Our price for this new surplus DS3800NTSA is typically 25-35% above the cheapest refurbished listing, but 20-40% below GE’s current list price for new production. The difference covers our global sourcing cost, the full 24-hour test cycle, and the 12-month warranty we stand behind. We provide the traceability—serial number, OEM documents, and test results—so you know what you’re installing.
Performance Benchmarks & Test Results
We run a standardized benchmark on the DS3800NTSA to verify performance in a simulated control environment.
Test Environment:
- Rack: GE Mark V Core System, running Speedtronic firmware v5.5
- Input Stimulus: 48 VDC, 5 mA sourcing, pulsed at 1 Hz
- Ambient Temp: Controlled at 25 °C for baseline, with a separate thermal test up to 55 °C
| Metric | Measured Result | Condition |
|---|---|---|
| Input Scan Latency | 3.2 ms | From signal application at field terminals to register read.
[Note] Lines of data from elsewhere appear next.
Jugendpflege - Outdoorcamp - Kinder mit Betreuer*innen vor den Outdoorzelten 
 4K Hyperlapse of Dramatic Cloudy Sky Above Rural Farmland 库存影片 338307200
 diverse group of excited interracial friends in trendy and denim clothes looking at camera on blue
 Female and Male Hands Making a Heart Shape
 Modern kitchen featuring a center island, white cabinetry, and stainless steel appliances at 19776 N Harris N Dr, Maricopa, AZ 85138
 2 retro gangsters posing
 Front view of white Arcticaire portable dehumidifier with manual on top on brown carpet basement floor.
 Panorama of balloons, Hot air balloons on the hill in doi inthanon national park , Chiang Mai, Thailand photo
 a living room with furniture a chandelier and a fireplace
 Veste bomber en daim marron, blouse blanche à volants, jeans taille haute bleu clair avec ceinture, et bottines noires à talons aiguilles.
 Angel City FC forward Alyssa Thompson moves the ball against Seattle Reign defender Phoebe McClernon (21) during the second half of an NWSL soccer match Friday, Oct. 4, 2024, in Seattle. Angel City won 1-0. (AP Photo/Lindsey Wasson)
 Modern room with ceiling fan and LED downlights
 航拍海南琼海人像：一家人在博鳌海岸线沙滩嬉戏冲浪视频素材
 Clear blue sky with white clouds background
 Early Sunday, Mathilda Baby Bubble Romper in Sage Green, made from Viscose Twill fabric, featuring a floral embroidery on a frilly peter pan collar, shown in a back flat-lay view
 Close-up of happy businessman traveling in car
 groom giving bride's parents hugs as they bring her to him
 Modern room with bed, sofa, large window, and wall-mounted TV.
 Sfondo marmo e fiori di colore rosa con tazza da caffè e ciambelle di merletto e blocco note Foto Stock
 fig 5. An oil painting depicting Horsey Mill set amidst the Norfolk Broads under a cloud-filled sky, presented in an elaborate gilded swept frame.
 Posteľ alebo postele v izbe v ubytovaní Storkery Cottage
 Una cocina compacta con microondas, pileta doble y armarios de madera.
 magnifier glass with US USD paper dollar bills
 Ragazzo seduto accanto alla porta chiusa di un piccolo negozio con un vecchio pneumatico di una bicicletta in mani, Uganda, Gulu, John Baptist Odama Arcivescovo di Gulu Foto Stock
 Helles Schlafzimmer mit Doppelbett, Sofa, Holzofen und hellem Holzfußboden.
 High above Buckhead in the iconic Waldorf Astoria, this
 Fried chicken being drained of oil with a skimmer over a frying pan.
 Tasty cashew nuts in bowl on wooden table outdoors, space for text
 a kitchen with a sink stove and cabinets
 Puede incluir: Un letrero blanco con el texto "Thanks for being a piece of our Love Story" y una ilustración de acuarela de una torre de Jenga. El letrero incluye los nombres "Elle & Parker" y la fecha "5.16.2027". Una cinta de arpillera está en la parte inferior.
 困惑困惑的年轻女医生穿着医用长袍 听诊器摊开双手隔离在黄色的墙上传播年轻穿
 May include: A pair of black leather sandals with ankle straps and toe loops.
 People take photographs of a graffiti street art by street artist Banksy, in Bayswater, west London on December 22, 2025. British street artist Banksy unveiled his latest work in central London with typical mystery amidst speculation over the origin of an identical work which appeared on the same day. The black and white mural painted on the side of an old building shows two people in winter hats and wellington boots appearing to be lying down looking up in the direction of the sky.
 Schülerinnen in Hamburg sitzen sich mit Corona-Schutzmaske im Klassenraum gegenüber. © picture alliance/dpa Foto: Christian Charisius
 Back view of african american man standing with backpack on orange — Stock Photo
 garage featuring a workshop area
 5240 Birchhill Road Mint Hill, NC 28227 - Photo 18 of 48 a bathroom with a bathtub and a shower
Spec is <5 ms. |
| Channel-to-Channel Isolation | > 1500 VDC | Tested at 60 °C; no degradation observed. |
| Input ON Threshold (48V) | 38.4 VDC | Turns on at spec voltage; hysteresis prevents chatter. |
| Thermal Drift (Input threshold) | ±0.02 V / °C | Stable within the 0-60 °C ambient range. |
| 24-Hour Continuous Operation | Zero errors, zero register faults | Logged over 24 hours with a 50% duty cycle on all 32 points. |
In the field, we see these boards last well beyond the expected 50,000 hour MTBF, provided they’re kept dry. If you’re running it in an environment above 55 °C ambient, you might want to consider forced air cooling on the rack—we measured a 10% derating on the input filters above that threshold. The board itself can take it, but the response time of the internal noise filter starts to creep up.